È uno sgomento pieno di parole quello che affolla la terra di mezzo tra la vita vissuta e il dopo che attende, oscuro, indecifrabile. È il Bardo della filosofia tibetana, un limbo dove i morti non sanno di esserlo, si credono malati, dentro casse da malati. Legati ancora alle azioni e ai sentimenti di quando erano vivi, ognuno alla sua storia, incapaci del distacco, in stallo.
Nel Bardo arriva un bambino, il figlio di Abramo Lincoln, morto di febbre tifoide mentre alla Casa Bianca si svolgeva un elegante ricevimento. Con la sua giacchetta, la camicia coi risvolti fuori, bianco come la porcellana, il piccolo si aggira tra gli sventurati, senza pace, in attesa che suo padre arrivi a prenderlo, per riportarlo a casa.

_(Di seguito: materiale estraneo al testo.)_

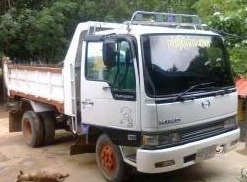 HINO FD 195 HP HO7D หกล้อดั๊มพ์ สมอเงินสวยจัด ภายในเก๋งคอนโซลสวยครบพร้อม CD-MP3 แอร์เย็น พ.เพาเวอร์ ก.ไฟฟ้า ระบบเบรคทริ๊ปฟี้ กระบะดั๊มพ์เหล็ก 6 ตันยิงหน้าความยาว 3.60 เมตร ช่วงล่างคัชซีสวย ยาง 8.25 ขอบ 16 สภาพดี 70\% พร้อมบรรทุกพร้อมใช้งาน เอกสารทะเบียนภาษ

E Lincoln arriva davvero, stravolto dal dolore, sconvolto al punto da aprire la bara e abbracciare il corpo del figlio, imbalsamato come si usava allora. Il legame padre e figlio, che non si può spezzare, si fa pianto a due voci, e allunga il tempo dell’incertezza, della precarietà, in un dialogo impossibile. Il padre rassicura il figlio, lo vuole proteggere anche da morto; il bimbo si affanna attorno a lui, invisibile, alla ricerca di un contatto che non può esserci. Anime che non possono separarsi, e restano attaccate nel dolore. E noi in grado di guardare nel cuore di entrambi, del piccolo Willie e del suo papà, uomo e non presidente, e di assistere alla loro redenzione. Insieme a noi tutto il coro delle anime perse che ancora anelano a vivere, a completare quello che hanno lasciato, l’educazione dei figli, l’amore per una moglie, la sensualità che non hanno fatto in tempo a conoscere, perché tutto si è interrotto, e loro sono lì, bloccate, incapaci della consapevolezza del loro stato, incapaci di andare.
Tante voci, tutte insieme, frammentate e dolenti, in una ballata che non è romanzo, ma molto di più, diventa poesia. Pensieri e racconti, stralci di storia e invenzione: tutto insieme, tutto mischiato in un mosaico che priva la lettura di logica, e la consegna solo al sentimento, in una formula lirica dove trova spazio l’ironia, accanto alla commozione.
George Saunders ha realizzato un’opera sublime, coraggiosa, un esperimento inedito e riuscitissimo, che lascia stupiti. Appena premiato con il Man Booker Prize, il più importante premio letterario britannico.